Ms Begum left the UK in February 2015 alongside Amira Abase, also 15 at the time, and Kadiza Sultana, who was 16. Ms Sultana is believed to have been killed in an air strike in 2016.

The UK has revoked Ms Begum’s citizenship on the grounds that she is a Bangladeshi national through her mother, who is a Bangladeshi citizen.

But Bangladesh’s ministry of foreign affairs has disputed this, saying Ms Begum is not a Bangladeshi citizen and that she will not be allowed into the country.

And, last month, Ms Begum’s family told the home secretary they were going to challenge his decision to revoke her UK citizenship.
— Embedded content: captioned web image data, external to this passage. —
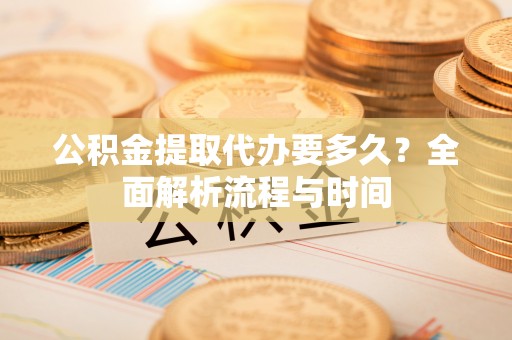 沙洋公积金提取代办要多久？全面解析流程与时间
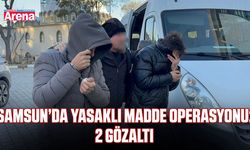 Samsun’da yasaklı madde operasyonu: 2 gözaltı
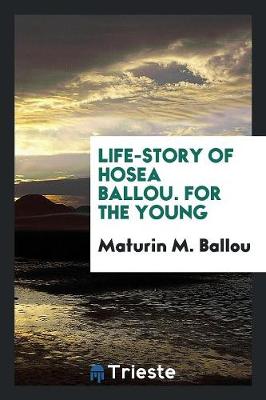 Book cover for Life-Story of Hosea Ballou. for the Young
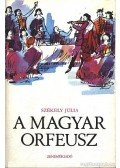 Székely Júlia - A magyar Orfeusz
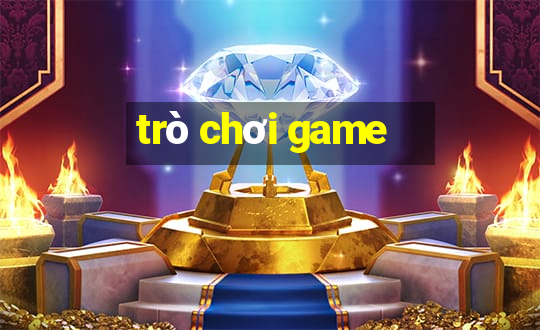 tro choi game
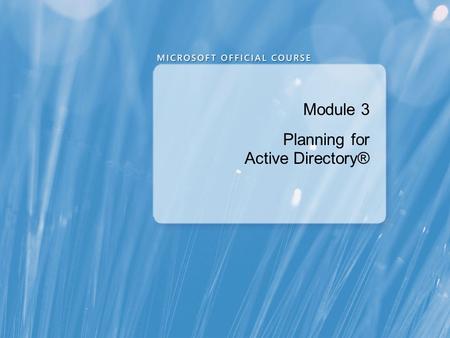 Module 3 Planning for Active Directory®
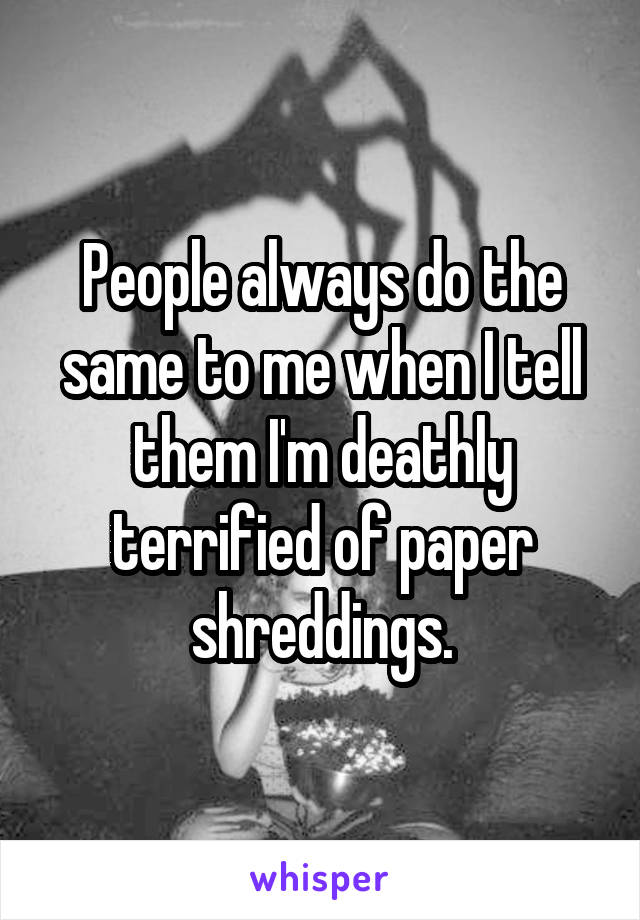 People always do the same to me when I tell them I'm deathly terrified of paper shreddings.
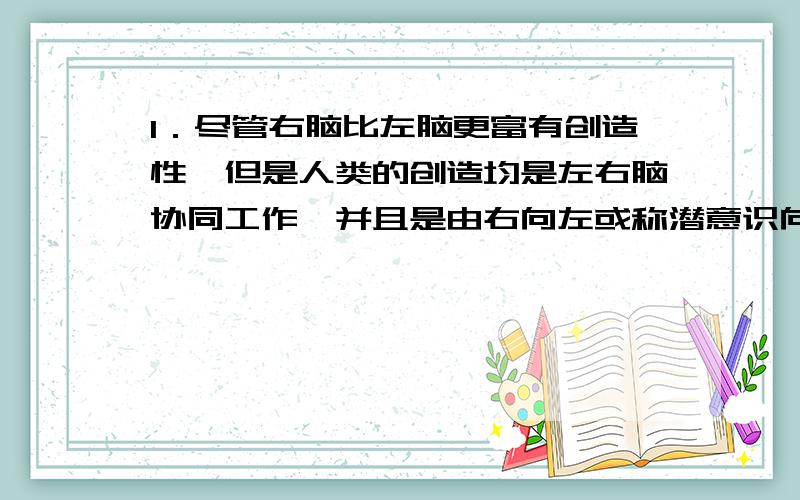 1．尽管右脑比左脑更富有创造性,但是人类的创造均是左右脑协同工作,并且是由右向左或称潜意识向显意识进行的结果．这表明（我A,B可以排除）C．意识活动是有规律可循的 D．发展是内外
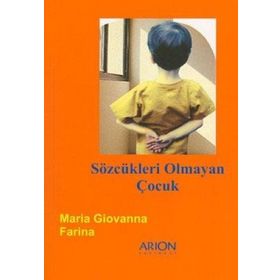 Sözcükleri Olmayan Çocuk - Maria Giovanna Farina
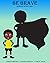 Be Brave: Moments of Bravery: Fun Stories about Kids Confidence, Fear and Brave Story for Young Readers (Short Bedtime Stories for Children Ages 6-12)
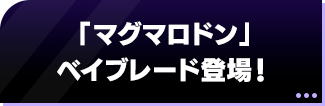 「マグマロドン」ベイブレード登場！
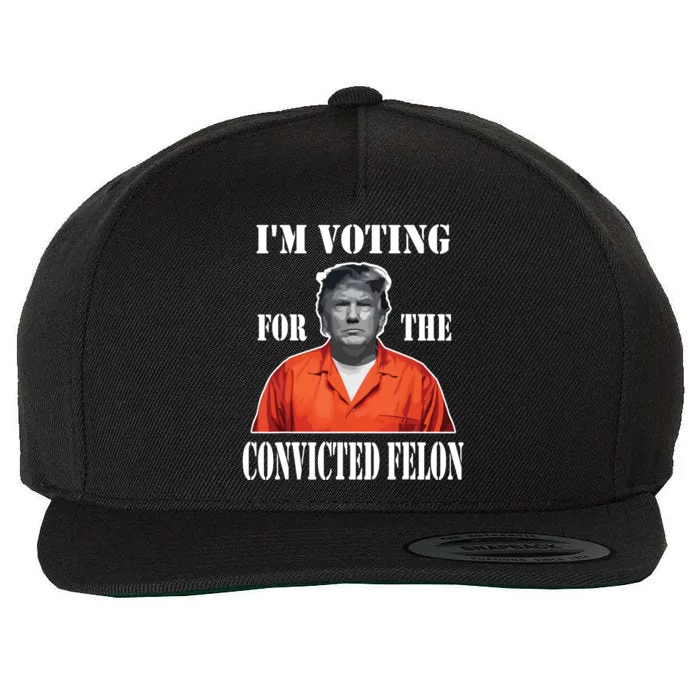 Yes Im Voting Convicted Felon 2024 Wool Snapback Cap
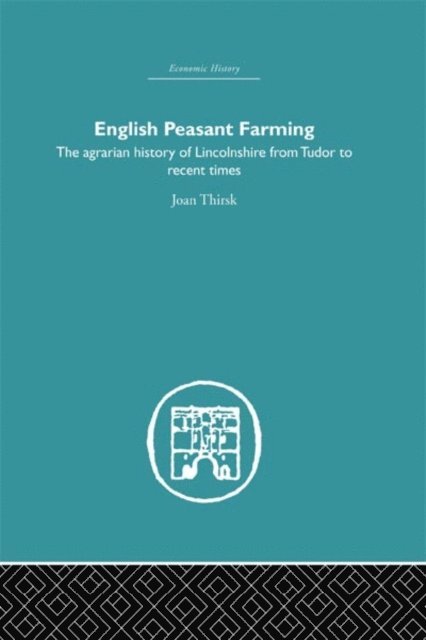 Joan Thirsk - English Peasant Farming, E-bok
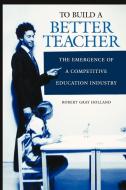 To Build a Better Teacher di Robert Gray Holland edito da Praeger Publishers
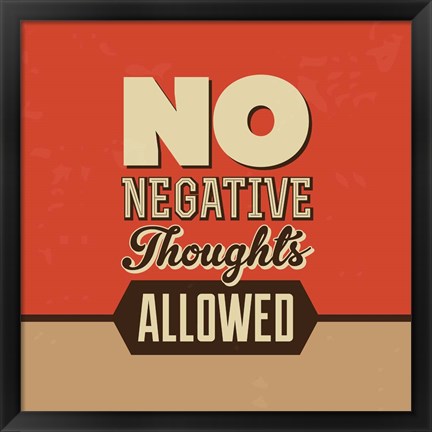 Framed No Negative Thoughts Allowed Print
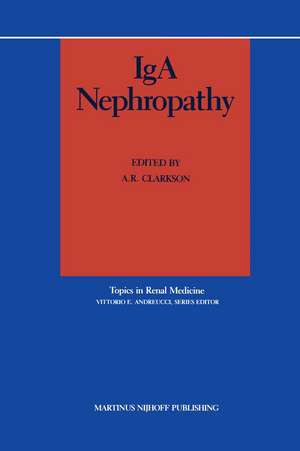 IgA Nephropathy de A.R. Clarkson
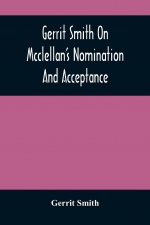 Gerrit Smith On Mcclellan'S Nomination And Acceptance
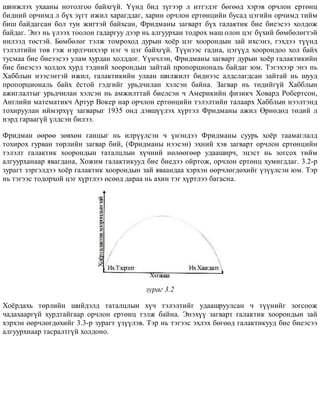 øèíæëýõ óõààíû íîòîëãîî áàéõã¿é. ¯¿íä áèä ç¿ãýýð ë èòãýäýã áºãººä õýðýâ îð÷ëîí åðòºíö
áèäíèé îð÷èìä ë á¿õ ç¿ãò èæèë õàðàãääàã, õàðèí îð÷ëîí åðòºíöèéí áóñàä öýãèéí îð÷èìä òèéì
áèø áàéäàãñàí áîë òóí æèãòýé áàéõñàí, Ôðèäìàíû çàãâàðò á¿õ ãàëàêòèê áèå áèåýñýý õîëäîæ
áàéäàã. Ýíý íü ¿ëýýõ òîîëîí ãàäàðãóó äýýð íü àëãóóðõàí òîäðîõ ìàø îëîí öýã á¿õèé áºìáºëºãòýé
íèëýýä òºñòýé. Áºìáºëºã òýëæ òîìðîõîä äóðûí õî¸ð öýã õîîðîíäûí çàé èõñýíý, ãýõäýý ò¿¿íä
òýëýëòèéí òºâ ãýæ íýðëý÷èõýýð íýã ÷ öýã áàéõã¿é. Ò¿¿íýýñ ãàäíà, öýã¿¿ä õîîðîíäîî õîë áàéõ
òóñìàà áèå áèåýýñýý óëàì õóðäàí õîëääîã. ¯¿í÷ëýí, Ôðèäìàíû çàãâàðò äóðûí õî¸ð ãàëàêòèêèéí
áèå áèåýñýý õîëäîõ õóðä òýäíèé õîîðîíäûí çàéòàé ïðîïîðöèîíàëü áàéäàã þì. Òýãýõýýð ýíý íü
Õàááëûí íýýñýíòýé èæèë, ãàëàêòèêèéí óëààí øèëæèëò áèäíýýñ àëäñëàãäñàí çàéòàé íü øóóä
ïðîïîðöèîíàëü áàéõ ¸ñòîé ãýäãèéã óðüä÷èëàí õýëñýí áàéíà. Çàãâàð íü òºäèéã¿é Õàááëûí
àæèãëàëòûã óðüä÷èëàí õýëñýí íü àìæèëòòàé áèåëñýí ÷ Àìåðèêèéí ôèçèê÷ Õîâàðä Ðîáåðòñîí,
Àíãëèéí ìàòåìàòèê÷ Àðòóð Âîêåð íàð îð÷ëîí åðòºíöèéí òýëýëòèéí òàëààðõ Õàááëûí íýýëòýíä
òîõèðóóëàí èéìýðõ¿¿ çàãâàðûã 1935 îíä äýâø¿¿ëýõ õ¿ðòýë Ôðèäìàíû àæèë ªðíºäºä òºäèé ë
íýðä ãàðààã¿é ¿ëäñýí áèëýý.
Ôðèäìàí ººðºº çºâõºí ãàíöûã íü èëð¿¿ëñýí ÷ ¿íýíäýý Ôðèäìàíû ñóóðü õî¸ð òààìàãëàëä
òîõèðîõ ãóðâàí òºðëèéí çàãâàð áèé, (Ôðèäìàíû íýýñýí) ýõíèé õýâ çàãâàðò îð÷ëîí åðòºíöèéí
òýëýëò ãàëàêòèê õîîðîíäûí òàòàëöëûí õ¿÷íèé íºëººãººð óäààøèð÷, ýöýñò íü çîãñîõ òèéì
àëãóóðõàíààð ÿâàãäàíà, Õîæèì ãàëàêòèêóóä áèå áèåäýý îéðòîæ, îð÷ëîí åðòºíö õóìèãääàã. 3.2-ð
çóðàãò çýðãýëäýý õî¸ð ãàëàêòèê õîîðîíäûí çàé ÿâààíäàà õýðõýí ººð÷ëºãäºõèéã ¿ç¿¿ëñýí þì. Òýð
íü òýãýýñ òîäîðõîé öýã õ¿ðòëýý ºñººä äàðàà íü àõèí òýã õ¿ðòëýý áàãàñíà.
çóðàã 3.2
Õî¸ðäàõü òºðëèéí øèéäýëä òàòàëöëûí õ¿÷ òýëýëòèéã óäààøðóóëñàí ÷ ò¿¿íèéã çîãñîîæ
÷àäàõààðã¿é õóðäòàéãààð îð÷ëîí åðòºíö òýëæ áàéíà. Ýíýõ¿¿ çàãâàðò ãàëàêòèê õîîðîíäûí çàé
õýðõýí ººð÷ëºãäºõèéã 3.3-ð çóðàãò ¿ç¿¿ëýâ. Òýð íü òýãýýñ ýõëýõ áºãººä ãàëàêòèêóóä áèå áèåýñýý
àëãóóðõíààð òàñðàëòã¿é õîëäîíî.
 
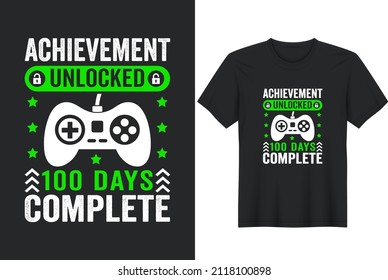 Achievement Unlocked 100 Days Complete T-Shirt Design, Posters, Greeting Cards, Textiles, And Sticker Vector Illustration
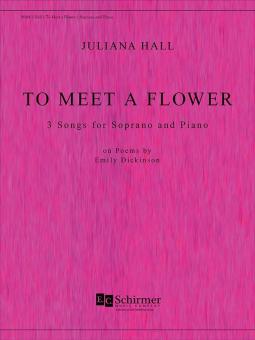 To Meet a Flower 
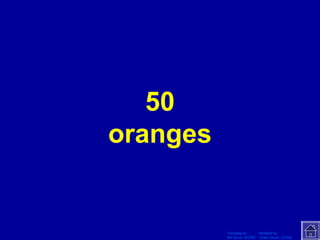 Template by Modified by
Bill Arcuri, WCSD Chad Vance, CCISD
50
oranges
 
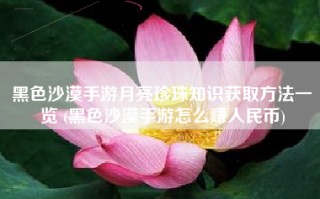 黑色沙漠手游月亮珍珠知识获取方法一览 (黑色沙漠手游怎么赚人民币)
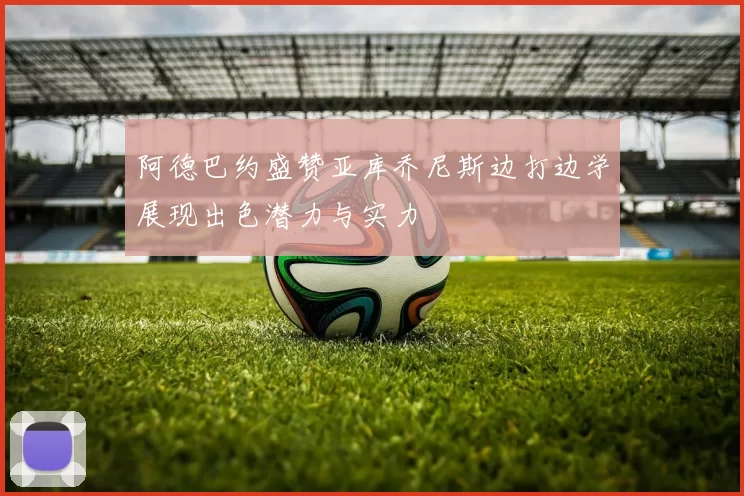 阿德巴约盛赞亚库乔尼斯边打边学展现出色潜力与实力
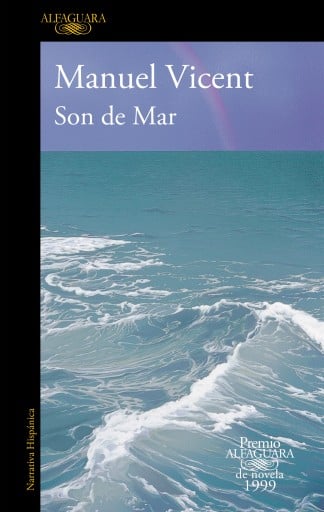 SON DE MAR (PREMIO ALFAGUARA DE NOVELA 1999) (EBOOK)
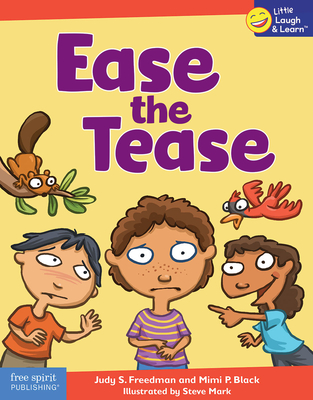 Ease the Tease (Little Laugh & Learn™) By Judy S. Freedman, M.S.W., L.C.S.W., Mimi P. Black, Ph.D., Steve Mark (Illustrator) Cover Image
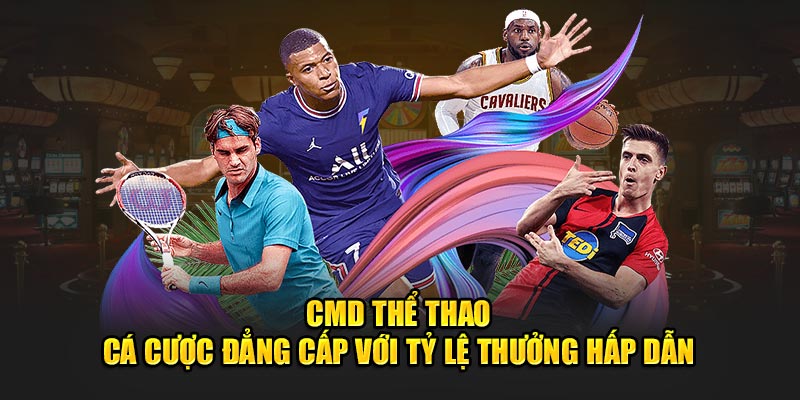 CMD Thể Thao - Cá Cược Đẳng Cấp Với Tỷ Lệ Thưởng Hấp Dẫn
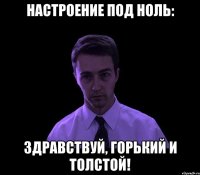 настроение под ноль: здравствуй, горький и толстой!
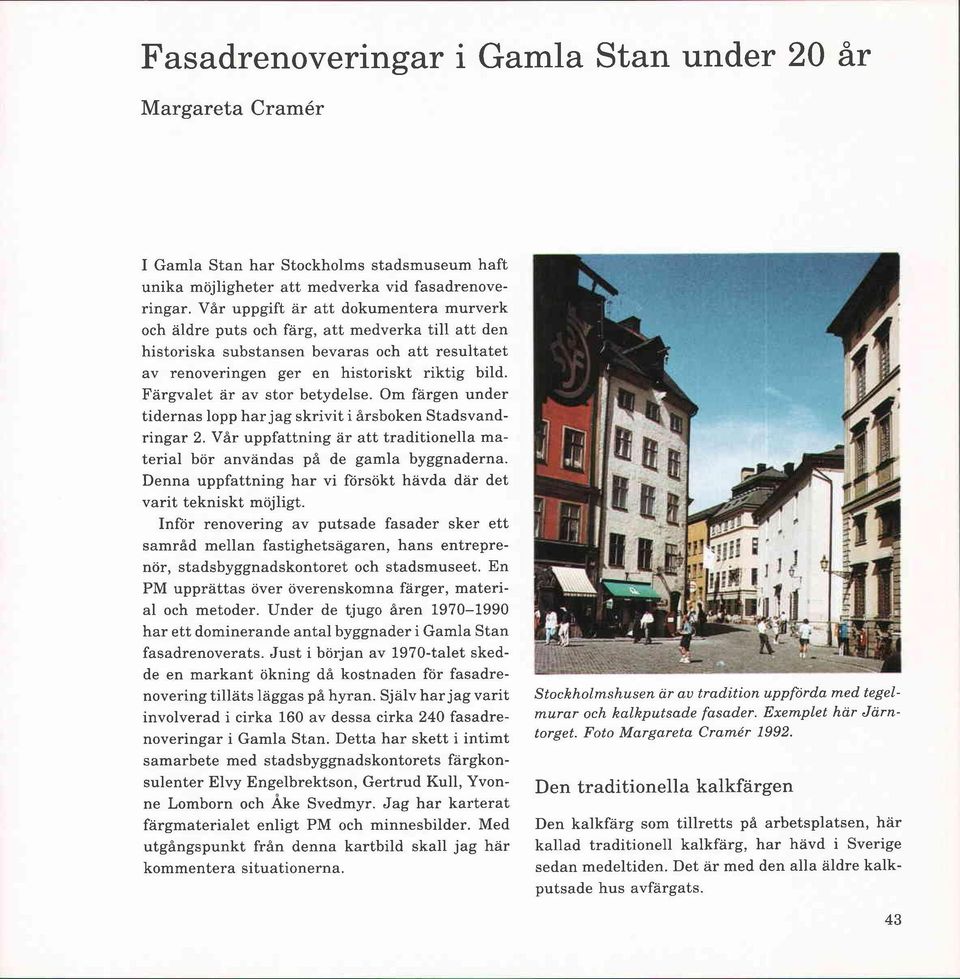 Färgvalet ar av stor betydelse. Om färgen under tidernas lopp har jag skrivit i årsboken Stadsvandringar 2. Vår uppfattning är att traditionella material bör användas på de gamla byggnaderna.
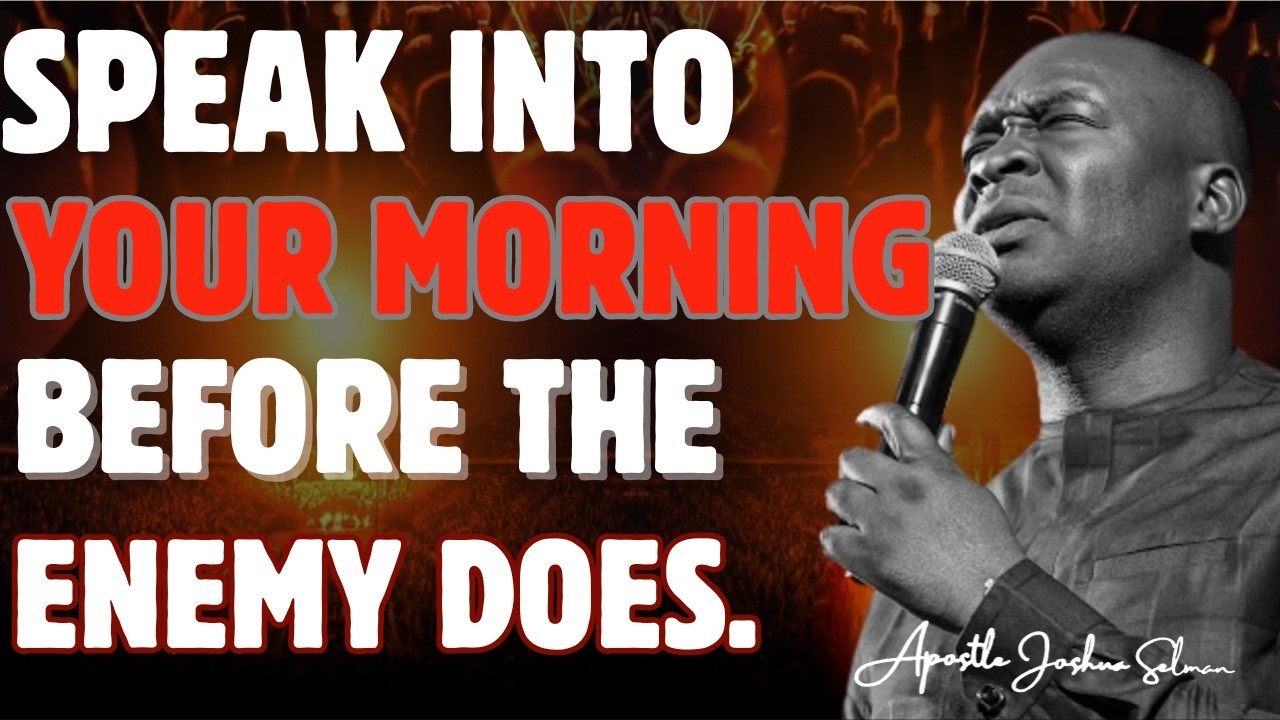 SPEAK INTO YOUR MORNING BEFORE THE ENEMY DOES | APOSTLE JOSHUA SELMAN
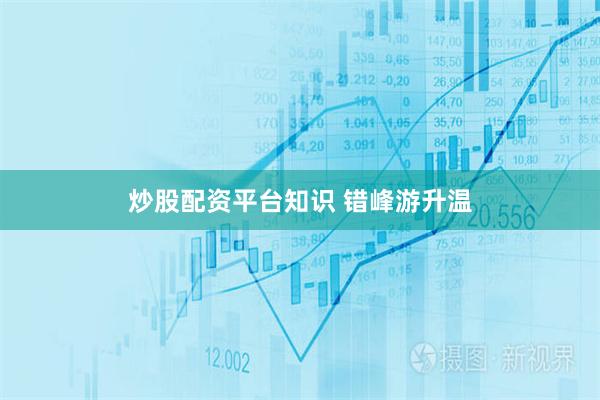 炒股配资平台知识 错峰游升温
In the letter, seen by the BBC, Shamima Begum’s sister Renu said they could not “simply abandon her” and asked for assistance in bringing her newborn baby to the UK.

Labour leader Jeremy Corbyn, meanwhile, said Ms Begum had a “right to return to Britain” – and called the decision to revoke her citizenship “extreme”.

Although Mr Riedijk is on a terrorism watch list, his Dutch citizenship has not been revoked.

However, our correspondent said: “The truth is Shemima Begum and Yago Riedijk lost control of their fate when they joined that extremist group, and Yago Riedijk might find its as difficult for him to return back home as it is for his wife.”

Mr Riedijk was born and raised in Dutch suburbia but abandoned his life in 2014 to join IS.

BBC foreign correspondent Anna Holligan said Mr Riedijk was one of 300 Dutch men and women who travelled to Syria and Iraq. Some 135 Dutch nationals with “jihadist intentions” are still there, anti-terrorism officials say.

It is not known how many want to come back, and it is not clear if they can, Anna Holligan said, but last week the Netherlands removed the citizenship of Mr Riedijk’s fellow Dutch jihadist, Outhmane B.